## [What to work on]
Search the entries below for the word "This" and copy each line that has it.

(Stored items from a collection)
[Start of Attachment]

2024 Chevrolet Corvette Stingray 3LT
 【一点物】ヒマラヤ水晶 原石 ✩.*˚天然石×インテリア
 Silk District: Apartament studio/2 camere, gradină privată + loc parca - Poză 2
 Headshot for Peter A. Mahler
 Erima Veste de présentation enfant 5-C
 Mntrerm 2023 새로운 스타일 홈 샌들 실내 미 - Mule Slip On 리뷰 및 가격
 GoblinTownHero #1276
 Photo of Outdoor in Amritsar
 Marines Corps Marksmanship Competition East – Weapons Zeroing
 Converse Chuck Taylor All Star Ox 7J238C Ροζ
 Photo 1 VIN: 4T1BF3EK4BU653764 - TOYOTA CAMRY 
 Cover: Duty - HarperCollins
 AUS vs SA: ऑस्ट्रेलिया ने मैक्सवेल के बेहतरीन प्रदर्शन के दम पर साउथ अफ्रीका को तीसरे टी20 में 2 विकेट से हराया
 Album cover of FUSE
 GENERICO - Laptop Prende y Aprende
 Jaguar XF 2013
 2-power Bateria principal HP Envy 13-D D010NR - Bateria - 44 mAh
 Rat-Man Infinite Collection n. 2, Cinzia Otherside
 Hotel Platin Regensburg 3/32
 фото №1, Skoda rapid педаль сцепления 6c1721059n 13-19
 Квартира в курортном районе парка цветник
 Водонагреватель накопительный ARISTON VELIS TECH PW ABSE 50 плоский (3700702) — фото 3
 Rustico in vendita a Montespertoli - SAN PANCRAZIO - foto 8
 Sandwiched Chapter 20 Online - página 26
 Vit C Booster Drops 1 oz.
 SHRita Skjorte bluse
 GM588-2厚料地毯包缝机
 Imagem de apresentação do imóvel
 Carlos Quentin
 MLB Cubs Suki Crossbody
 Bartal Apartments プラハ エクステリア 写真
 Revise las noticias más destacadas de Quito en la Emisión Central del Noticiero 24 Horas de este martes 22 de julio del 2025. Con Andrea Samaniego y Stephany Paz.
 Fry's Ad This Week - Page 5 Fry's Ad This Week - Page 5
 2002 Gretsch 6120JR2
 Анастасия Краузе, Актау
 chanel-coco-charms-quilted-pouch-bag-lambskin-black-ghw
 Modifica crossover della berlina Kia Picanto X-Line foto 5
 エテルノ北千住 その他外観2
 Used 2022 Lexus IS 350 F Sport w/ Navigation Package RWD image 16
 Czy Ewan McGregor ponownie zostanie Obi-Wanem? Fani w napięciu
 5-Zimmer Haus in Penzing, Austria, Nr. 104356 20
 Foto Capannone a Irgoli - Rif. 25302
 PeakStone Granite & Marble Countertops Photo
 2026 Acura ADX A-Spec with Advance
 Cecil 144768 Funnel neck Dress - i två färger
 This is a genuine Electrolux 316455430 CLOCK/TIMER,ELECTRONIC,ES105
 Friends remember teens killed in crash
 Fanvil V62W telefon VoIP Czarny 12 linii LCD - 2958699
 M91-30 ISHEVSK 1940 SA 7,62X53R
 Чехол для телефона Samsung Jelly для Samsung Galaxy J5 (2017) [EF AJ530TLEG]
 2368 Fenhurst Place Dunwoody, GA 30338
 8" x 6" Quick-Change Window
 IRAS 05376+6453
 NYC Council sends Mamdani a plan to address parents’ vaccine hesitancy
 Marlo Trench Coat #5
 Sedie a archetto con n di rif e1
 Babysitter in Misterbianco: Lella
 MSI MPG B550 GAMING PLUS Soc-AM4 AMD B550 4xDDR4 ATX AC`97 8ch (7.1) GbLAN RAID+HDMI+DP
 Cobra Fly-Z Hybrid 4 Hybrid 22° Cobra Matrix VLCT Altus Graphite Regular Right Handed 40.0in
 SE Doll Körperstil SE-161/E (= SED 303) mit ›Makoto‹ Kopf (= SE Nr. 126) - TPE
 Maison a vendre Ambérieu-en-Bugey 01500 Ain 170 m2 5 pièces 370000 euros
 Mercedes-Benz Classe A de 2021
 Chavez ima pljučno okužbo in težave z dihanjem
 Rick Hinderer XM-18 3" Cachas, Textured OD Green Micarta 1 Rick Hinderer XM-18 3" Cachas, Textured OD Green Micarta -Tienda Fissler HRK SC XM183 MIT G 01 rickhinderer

[End of Attachment]

## [Exercise answer]
 Fry's Ad This Week - Page 5 Fry's Ad This Week - Page 5
 This is a genuine Electrolux 316455430 CLOCK/TIMER,ELECTRONIC,ES105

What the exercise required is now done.